Wayland + Systemd + Gnome 3 + kernelspace Dbus = transforming Linux into Windows. Or something more like Windows. They represent a complete rejection of the foundational Unix philosophy.
Regarding Wayland: You clearly have no idea how X works today. Todays X is not like Unix should be at all.
Regarding Dbus: How is a dbus protocol different from semaphores and shm in the kernel?
Regarding systemd, I agree and see it critically, because it is tries to solve everything at the same time. Perhaps the direction of OpenRC is more appropriate.

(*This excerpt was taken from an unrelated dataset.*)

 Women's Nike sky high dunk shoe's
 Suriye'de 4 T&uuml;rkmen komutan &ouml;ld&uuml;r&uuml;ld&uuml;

But to criticise systemd you have to understand the issues: A number of links are on http://freedesktop.org/wiki/So... including http://0pointer.de/blog/projec...
Regarding Gnome3: Gnome3 is conceptionally little different than Gnome2, KDE or XFCE: Windows and pointers. I actually really like it. If you don't exchange it for something else. Very Unixy.
We have to keep in mind that the system we have today are not mainframes that are booted once and have their daemons running for months.
We have plug-and-play of devices and screens, hibernation, multiple input devices, while at the same time the screen output must not flicker or have delays beyond 50ms. It's a different arena today.
NB: The message above might reflect my opinion right now, but not necessarily tomorrow or next year.
X11 doesn't even do anything anymore. Go watch one of the many presentations made by the many developers who have been working on X11 for over 20 years. They're not even sure what X11 does anymore, nearly everything bypasses it and just pushes around buffers, which X11 does not handle well at all.
The one thing that stood out is they said X11 can not implement vsync at all without breaking all compatibility. They are embarrassed that code is still being used in 2014 that does not handle vsync and gives "screen tearing", which other systems have had fixed since the mid 90s.
99% of the current use cases for X11 are now managing buffers and X11 does not manage buffers. Wayland is designed to handle the most common use case in a good way.